‘Betrayed Without a Kiss’ — John Clark’s Guide to God’s Plan for Marriage
BOOK PICK: New book defends the sacrament of matrimony.
BETRAYED WITHOUT A KISS:
DEFENDING MARRIAGE AFTER YEARS OF FAILED LEADERSHIP IN THE CHURCH
TAN Books, 2023
276 pages, $29.95
Catholic marriage is in crisis, in no small measure the consequence of many people failing to recognize matrimony as a sacrament.
Register contributor John Clark examines the contemporary crises facing marriage and recognizes the necessity of recovering the awareness of its sacramentality. In 10 chapters, he treats the problems affecting modern marriage.
“Modern” here is a relative term, because Chapter One goes back to the Bible, and the subsequent chapters start with the Protestant Revolution. “Modern” problems don’t necessarily lack old roots.
Chapter One, in fact, argues that marriage is one of the lead victims of the Fall. Satan, in his isolated pride, has no love for any communion of persons, be that between man and God or man and woman. The latter, which brings even more hybrid beings — bodies and souls — into the world is especially repugnant to him. So, while Sister Lucia of Fatima has maintained that the final battle with the devil would occur over marriage and the family, it’s no exaggeration to say the first one took place over them, too.
But it’s with the Reformation that many modern problems with marriage originate. The one thread uniting Protestants was denial of marriage’s sacramentality.
The non-sacramentality of marriage and, therefore, the permissibility of divorce was long the dividing line between Catholic and Protestant. Clark shows how errors multiply in the 20th century. It starts with the Anglican permission of contraceptive intercourse, an “exception” that soon became the pan-Protestant norm. It spread socially with the acceptance of pornography, in print before it became ubiquitous online, and a feminism that saw men and marriage as the enemy. It accelerated with the effort to push the sexual revolution (in the form of contraception in the 1960s) in the Catholic Church, which Clark also blames on the tardy and timid response of bishops and priests. The latter was a phenomenon not unprecedented: Clark argues Clement VII’s delay in acting against Henry VIII’s attempt to divorce Catherine of Aragon, the decade between the call for Trent and its actual convening, and Paul VI’s “no-but” approach leading to Humanae Vitae were all failures to affirm clear Church teaching.

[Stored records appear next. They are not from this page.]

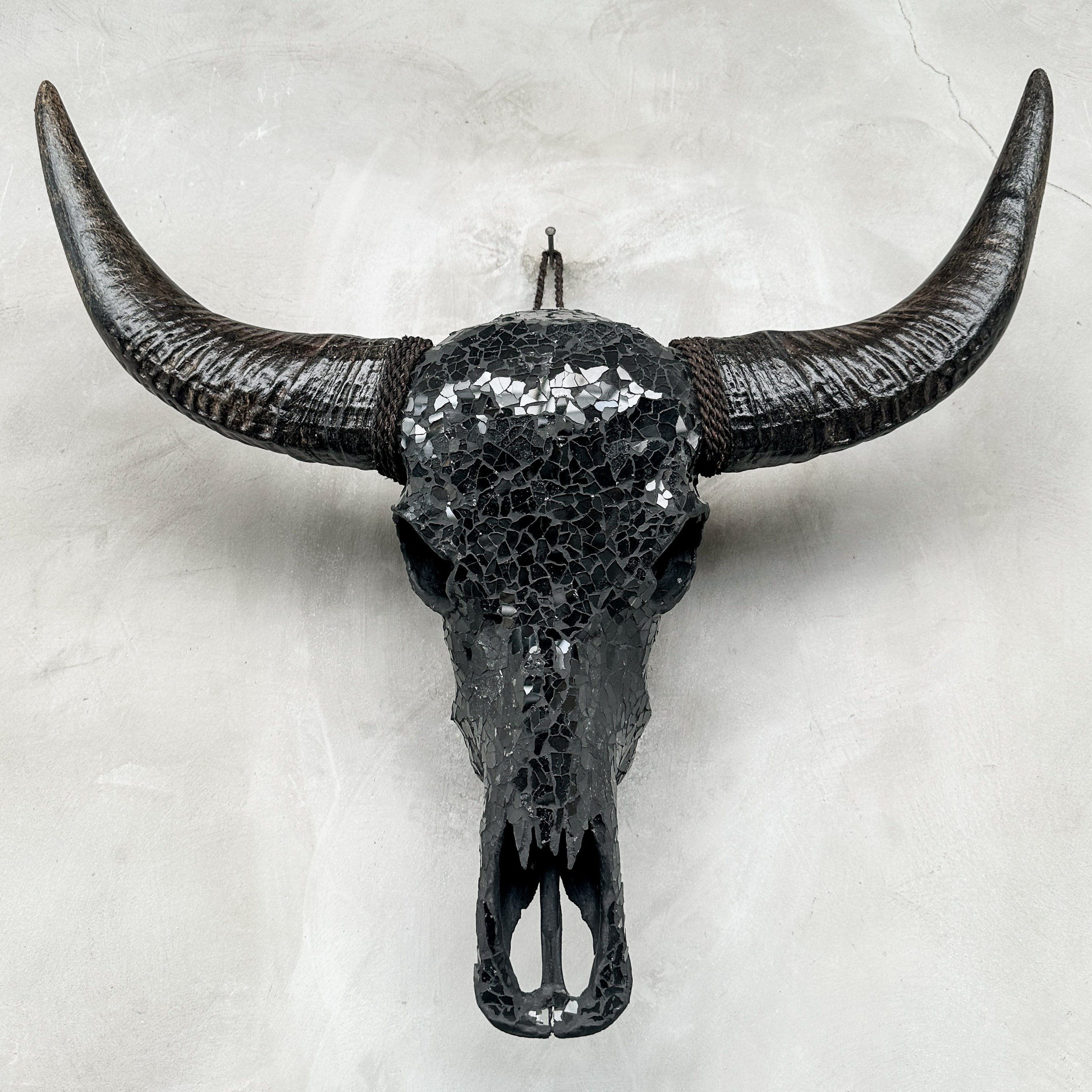 Black Mosaic Buffalo Skull – Dark Horn Wall Decor for Boho, Gothic, Modern Industrial, or Rustic Statement Interior Styling - Skull,A/136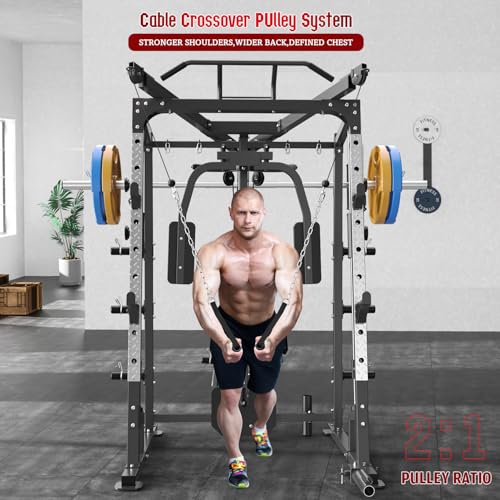 Image of SunHome Smith Machine, 2000LBS Power Cage Squat Rack with Smith Bar, LAT Pull-Down Systems, Cable Crossover Machine for Home Gym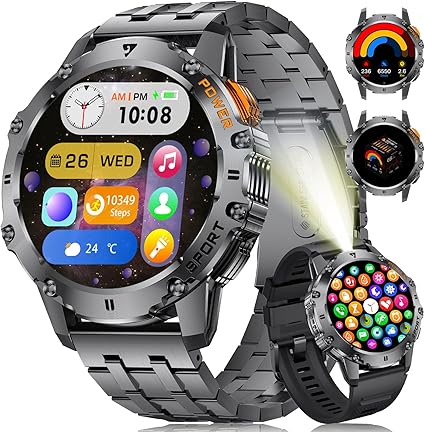 BEST Military Smart Watch for Men with Flashlight/5ATM Waterproof REVIEW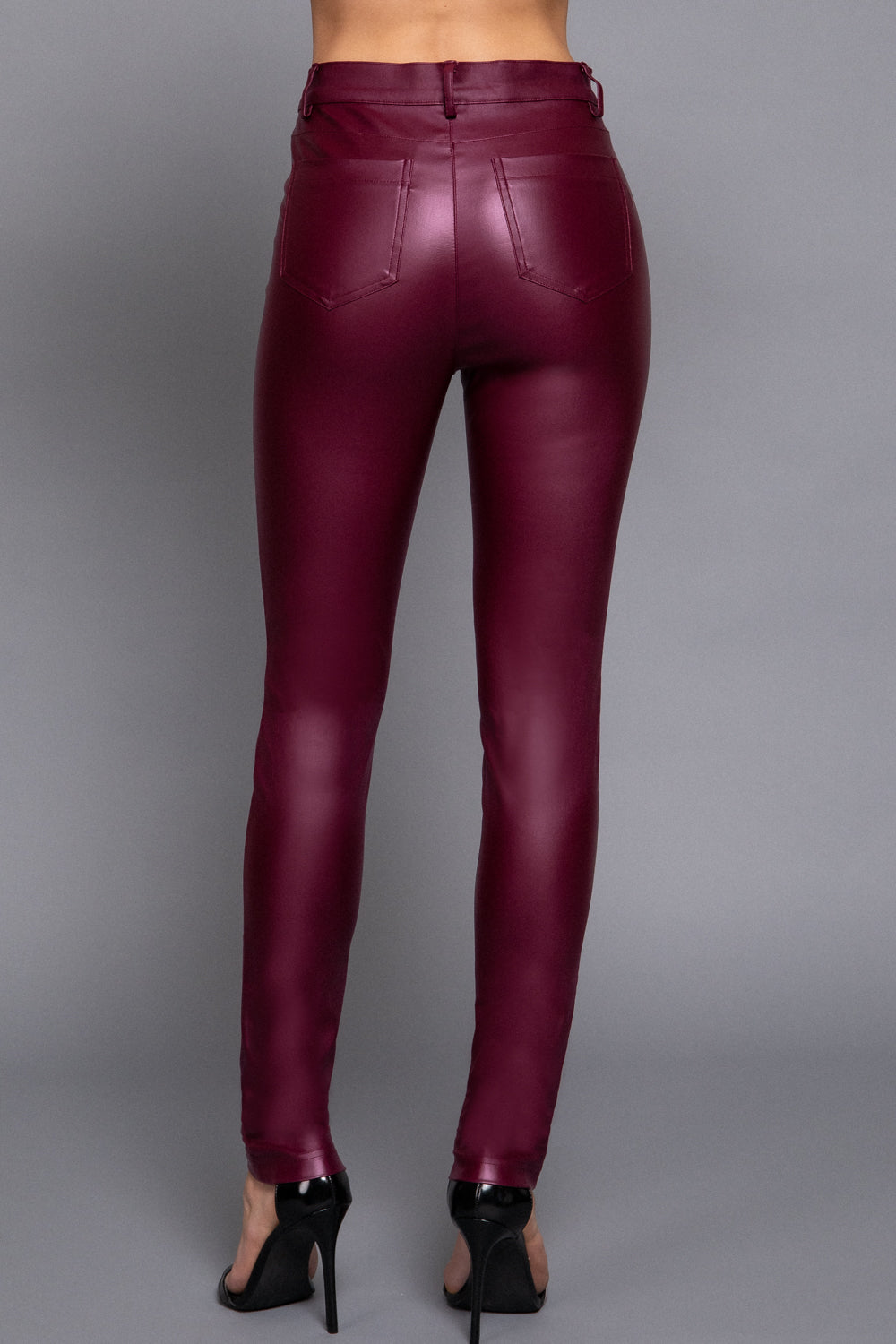 Faux Leather High Waist PU Long Hip Push Up Shaping Leather Pants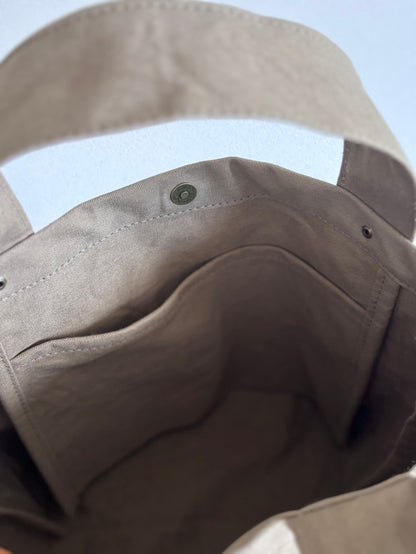 日本手作厚帆布Tote Bag 托特包（灰卡其色）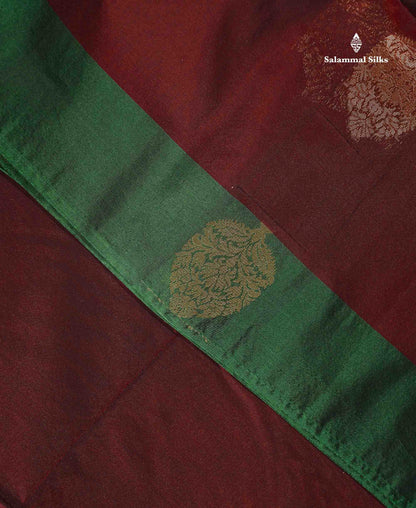SICO Cotton Saree - Dark Maroon Colour Body Zari Butta With Contrast Bottle Green Fancy Border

In subsequent chapters, Clark challenges some contemporary ecclesiastical practices. He argues powerfully against the psychologization of nullity under the “American Procedural Norms” and how they have made U.S. Church tribunals global leaders in issuing annulments. He challenges the norm in diocesan marriage tribunals requiring a civil divorce before nullity proceedings begin. He raises hard questions against the effort to admit divorced-and-“remarried” Catholics to the Eucharist, including the confusion of Amoris Laetitia. He offers concrete suggestions for renewing a Catholic ethos of sacramental marriage.
But it all comes back to the central truth: Marriage is a sacrament, participating in the divine dispensation of grace, with its own inherent laws.
Clark sums it up beautifully:
You fall in love with a woman and choose to unite with her for life in Matrimony because Jesus raised Matrimony to the level of a sacrament. In His omniscience, when Jesus raised Matrimony to a sacramental level, He thought precisely of your marriage. The angels in heaven love each other, but no two angels will ever be united like you and your wife. Your hope and prayer is that your ecstatic love brings forth new life. Not a single angel … can ever dream of such a thing; for all their powers, their love was not designed to bring forth new life. … And the band of gold on your finger symbolizes not merely an earthly love but a heavenly one.